Phone Hygiene Solved by High School Student

 Portrait of Benett Cohen 17 years old high school student that created Hygee, a bacterial killing phone case. Malibu, Calif., Oct. 28, 2017. By Diana Parra-Garcia

Portrait of Benett Cohen 17 years old high school student that created Hygee, a bacterial killing phone case. Malibu, Calif., Oct. 28, 2017. By Diana Parra-Garcia

For most high school seniors, stressing over important life decisions includes what shoes to wear the next day, or what Facebook status they should post that will inspire the world with their wisdom. While much of society characterize high school students as people who don't understand the issues and concerns that await them the “real world,” Malibu High School Senior, Bennett Cohen quickly debunked those assumptions.

As if Cohen’s accomplishments of a perfect 4.0 grade point average, a perfect score on his ACT standardized test, and SAT Math Level 2 Subject test weren’t impressive enough, he has created an invention that could possibly improve what many use every hour of the day. An avid inventor since the age of 14, Bennett, who is an admitted germaphobe, discovered where most germs were floating: our cell phones.

“It totally hit me! We carry them around everywhere, toilets, the gym, and we place them on tables, subway seats, and the ground among other things,” Cohen said. He said that pressing your phone against your face can cause both pink eye and acne according to dermatologists. With all of that in mind, the Malibu High School senior, came up with a solution. He invented a germ-free phone case.

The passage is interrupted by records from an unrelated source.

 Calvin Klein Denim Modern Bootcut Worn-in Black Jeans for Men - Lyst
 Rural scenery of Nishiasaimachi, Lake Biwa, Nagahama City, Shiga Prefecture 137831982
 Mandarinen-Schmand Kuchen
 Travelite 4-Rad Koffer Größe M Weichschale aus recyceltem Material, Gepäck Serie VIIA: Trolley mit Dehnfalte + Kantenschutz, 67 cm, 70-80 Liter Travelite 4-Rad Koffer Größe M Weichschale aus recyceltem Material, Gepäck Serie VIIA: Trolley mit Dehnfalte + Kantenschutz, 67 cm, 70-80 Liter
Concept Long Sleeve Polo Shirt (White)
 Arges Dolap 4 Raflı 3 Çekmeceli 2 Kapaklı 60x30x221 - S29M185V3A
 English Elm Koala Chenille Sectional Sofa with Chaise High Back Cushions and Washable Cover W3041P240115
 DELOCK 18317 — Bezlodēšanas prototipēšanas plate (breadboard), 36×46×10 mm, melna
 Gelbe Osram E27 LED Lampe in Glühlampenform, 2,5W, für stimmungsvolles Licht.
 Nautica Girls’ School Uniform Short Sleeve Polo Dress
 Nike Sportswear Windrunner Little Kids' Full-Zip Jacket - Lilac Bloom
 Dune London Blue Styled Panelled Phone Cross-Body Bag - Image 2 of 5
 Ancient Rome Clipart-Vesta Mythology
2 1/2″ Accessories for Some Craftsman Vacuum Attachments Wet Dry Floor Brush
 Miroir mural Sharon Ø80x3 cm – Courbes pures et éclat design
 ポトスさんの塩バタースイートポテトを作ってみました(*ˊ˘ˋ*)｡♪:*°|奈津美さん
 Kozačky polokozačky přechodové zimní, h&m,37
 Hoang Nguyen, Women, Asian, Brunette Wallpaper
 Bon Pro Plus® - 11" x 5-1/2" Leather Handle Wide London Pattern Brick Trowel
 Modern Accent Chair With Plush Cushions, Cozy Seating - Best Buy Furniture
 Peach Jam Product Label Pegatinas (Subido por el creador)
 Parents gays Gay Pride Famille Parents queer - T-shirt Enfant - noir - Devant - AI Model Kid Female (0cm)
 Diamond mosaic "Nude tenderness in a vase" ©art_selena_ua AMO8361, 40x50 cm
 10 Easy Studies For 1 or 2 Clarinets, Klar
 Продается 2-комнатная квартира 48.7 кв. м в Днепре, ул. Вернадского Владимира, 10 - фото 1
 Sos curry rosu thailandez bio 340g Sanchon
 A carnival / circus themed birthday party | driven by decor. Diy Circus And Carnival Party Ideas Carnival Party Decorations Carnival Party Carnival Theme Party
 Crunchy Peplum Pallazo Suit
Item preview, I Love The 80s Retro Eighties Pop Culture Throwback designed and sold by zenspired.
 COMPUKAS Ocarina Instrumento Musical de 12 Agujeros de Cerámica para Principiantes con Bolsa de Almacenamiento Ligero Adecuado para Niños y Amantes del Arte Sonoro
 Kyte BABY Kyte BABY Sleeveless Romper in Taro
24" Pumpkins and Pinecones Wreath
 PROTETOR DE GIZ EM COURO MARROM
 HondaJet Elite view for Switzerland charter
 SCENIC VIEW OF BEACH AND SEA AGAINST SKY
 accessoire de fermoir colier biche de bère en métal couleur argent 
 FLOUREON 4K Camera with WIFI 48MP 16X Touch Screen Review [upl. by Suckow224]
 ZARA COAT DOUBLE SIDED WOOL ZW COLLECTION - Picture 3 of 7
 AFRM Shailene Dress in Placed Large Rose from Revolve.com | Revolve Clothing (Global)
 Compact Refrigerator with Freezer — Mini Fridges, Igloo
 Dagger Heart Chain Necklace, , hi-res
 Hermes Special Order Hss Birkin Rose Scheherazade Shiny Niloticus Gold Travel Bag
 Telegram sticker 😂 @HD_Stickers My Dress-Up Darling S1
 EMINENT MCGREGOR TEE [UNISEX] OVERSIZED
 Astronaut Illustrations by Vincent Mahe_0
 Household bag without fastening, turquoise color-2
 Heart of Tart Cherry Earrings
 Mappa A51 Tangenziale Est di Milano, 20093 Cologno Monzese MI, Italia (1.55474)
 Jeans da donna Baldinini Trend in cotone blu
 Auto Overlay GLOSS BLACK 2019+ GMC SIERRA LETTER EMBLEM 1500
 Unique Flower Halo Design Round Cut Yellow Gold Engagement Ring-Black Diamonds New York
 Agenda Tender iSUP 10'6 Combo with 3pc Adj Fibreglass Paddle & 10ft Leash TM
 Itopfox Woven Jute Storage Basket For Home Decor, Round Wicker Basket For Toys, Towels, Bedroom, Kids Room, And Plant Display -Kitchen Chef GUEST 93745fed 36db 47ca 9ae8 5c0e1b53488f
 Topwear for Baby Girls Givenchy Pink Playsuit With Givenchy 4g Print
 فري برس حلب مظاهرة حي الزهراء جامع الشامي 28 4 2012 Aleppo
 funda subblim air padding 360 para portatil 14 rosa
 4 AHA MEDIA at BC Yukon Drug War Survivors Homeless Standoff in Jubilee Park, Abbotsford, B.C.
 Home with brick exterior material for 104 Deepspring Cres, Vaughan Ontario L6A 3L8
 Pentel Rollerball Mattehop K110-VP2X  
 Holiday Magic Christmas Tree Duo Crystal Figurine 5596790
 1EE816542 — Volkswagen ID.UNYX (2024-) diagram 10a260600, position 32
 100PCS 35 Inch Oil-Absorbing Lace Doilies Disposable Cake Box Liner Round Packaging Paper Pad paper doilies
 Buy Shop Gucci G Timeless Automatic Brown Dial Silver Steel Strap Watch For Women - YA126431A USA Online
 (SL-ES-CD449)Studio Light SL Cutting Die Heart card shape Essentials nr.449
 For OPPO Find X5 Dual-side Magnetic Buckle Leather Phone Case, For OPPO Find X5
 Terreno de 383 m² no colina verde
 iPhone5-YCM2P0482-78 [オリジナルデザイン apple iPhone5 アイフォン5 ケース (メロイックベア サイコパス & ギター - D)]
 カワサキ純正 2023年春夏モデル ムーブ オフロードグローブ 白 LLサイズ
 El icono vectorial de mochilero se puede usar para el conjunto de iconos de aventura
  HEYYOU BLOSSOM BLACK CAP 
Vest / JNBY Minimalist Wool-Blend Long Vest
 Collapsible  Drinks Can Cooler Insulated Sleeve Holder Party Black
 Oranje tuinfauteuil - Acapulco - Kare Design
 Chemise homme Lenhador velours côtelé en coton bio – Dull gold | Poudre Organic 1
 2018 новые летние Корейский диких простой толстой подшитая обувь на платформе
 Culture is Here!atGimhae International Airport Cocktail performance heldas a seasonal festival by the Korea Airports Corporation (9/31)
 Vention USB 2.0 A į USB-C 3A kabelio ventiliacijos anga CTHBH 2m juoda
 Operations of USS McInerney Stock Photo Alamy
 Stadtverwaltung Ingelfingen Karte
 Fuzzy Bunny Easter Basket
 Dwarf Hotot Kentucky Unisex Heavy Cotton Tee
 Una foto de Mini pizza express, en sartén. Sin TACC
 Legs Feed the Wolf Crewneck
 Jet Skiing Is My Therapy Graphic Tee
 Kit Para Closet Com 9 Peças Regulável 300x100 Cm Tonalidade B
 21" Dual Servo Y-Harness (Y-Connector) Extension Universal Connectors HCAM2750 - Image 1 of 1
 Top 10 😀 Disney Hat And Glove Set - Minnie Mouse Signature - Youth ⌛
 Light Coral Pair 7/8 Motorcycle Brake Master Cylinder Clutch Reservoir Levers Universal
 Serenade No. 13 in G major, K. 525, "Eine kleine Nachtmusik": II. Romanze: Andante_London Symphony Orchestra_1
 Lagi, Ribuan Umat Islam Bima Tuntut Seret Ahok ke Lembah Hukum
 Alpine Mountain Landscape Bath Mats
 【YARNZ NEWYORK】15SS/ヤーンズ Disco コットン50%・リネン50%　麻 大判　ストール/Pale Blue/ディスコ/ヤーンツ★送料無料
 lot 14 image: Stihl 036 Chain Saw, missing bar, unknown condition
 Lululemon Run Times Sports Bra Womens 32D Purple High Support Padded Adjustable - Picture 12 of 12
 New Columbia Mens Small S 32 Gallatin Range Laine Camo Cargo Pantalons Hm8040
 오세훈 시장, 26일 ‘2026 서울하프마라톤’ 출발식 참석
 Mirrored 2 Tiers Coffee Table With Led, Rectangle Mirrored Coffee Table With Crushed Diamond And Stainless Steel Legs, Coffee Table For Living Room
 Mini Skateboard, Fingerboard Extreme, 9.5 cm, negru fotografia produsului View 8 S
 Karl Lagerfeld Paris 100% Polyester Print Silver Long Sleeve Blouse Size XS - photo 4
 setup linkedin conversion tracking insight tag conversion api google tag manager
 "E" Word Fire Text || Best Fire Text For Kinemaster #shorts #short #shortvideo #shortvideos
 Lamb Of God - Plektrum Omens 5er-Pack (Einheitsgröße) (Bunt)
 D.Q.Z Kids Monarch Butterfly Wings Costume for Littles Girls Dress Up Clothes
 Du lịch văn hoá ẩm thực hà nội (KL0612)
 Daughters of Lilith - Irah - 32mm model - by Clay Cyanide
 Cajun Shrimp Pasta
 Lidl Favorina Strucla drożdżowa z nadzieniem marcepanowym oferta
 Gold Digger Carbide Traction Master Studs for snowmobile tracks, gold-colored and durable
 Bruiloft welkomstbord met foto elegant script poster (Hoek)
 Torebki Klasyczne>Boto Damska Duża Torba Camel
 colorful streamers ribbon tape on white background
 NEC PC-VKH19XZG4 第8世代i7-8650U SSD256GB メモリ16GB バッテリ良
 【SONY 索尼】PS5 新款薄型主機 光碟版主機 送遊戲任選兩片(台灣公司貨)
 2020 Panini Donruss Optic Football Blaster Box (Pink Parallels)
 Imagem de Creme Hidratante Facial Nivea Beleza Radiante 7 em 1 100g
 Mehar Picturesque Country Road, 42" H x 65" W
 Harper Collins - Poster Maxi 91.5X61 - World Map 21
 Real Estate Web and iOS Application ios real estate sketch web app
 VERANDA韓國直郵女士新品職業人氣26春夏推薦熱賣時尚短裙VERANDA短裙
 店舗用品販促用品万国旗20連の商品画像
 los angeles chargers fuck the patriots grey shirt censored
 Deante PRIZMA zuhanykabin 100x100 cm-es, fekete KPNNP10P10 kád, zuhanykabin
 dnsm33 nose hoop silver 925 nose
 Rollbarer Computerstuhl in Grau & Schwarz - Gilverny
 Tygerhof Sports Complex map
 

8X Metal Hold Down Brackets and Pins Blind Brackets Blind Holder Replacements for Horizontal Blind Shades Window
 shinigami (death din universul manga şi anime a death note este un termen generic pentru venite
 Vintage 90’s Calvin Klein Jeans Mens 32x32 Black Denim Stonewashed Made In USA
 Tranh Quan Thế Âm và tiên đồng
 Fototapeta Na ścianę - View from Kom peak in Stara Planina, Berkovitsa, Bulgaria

The technology of his phone cases, based on Titanium Dioxide, has been proven to kill germs, according to a plethora of peer reviewed studies that include the following: PubMed, Vivax Medical, and Gens Nano. To further raise the credibility of his creation to skeptics, the formulation that Cohen has used has been proven to work by the University of Florida, University of Leeds, and even NASA.

As for the attention he has been getting to have created such an impact object, The Corsair asked him how it felt. He jokingly said, “Oh I don’t really see it that way. I’m the youngest of three brothers, I’m not used to getting any attention at all.” Cohen is still waiting to hear back from certain universities before he decides where is going to further his education, but he did share with me that he plans on studying either Product Design or Mechanical Engineering and Business.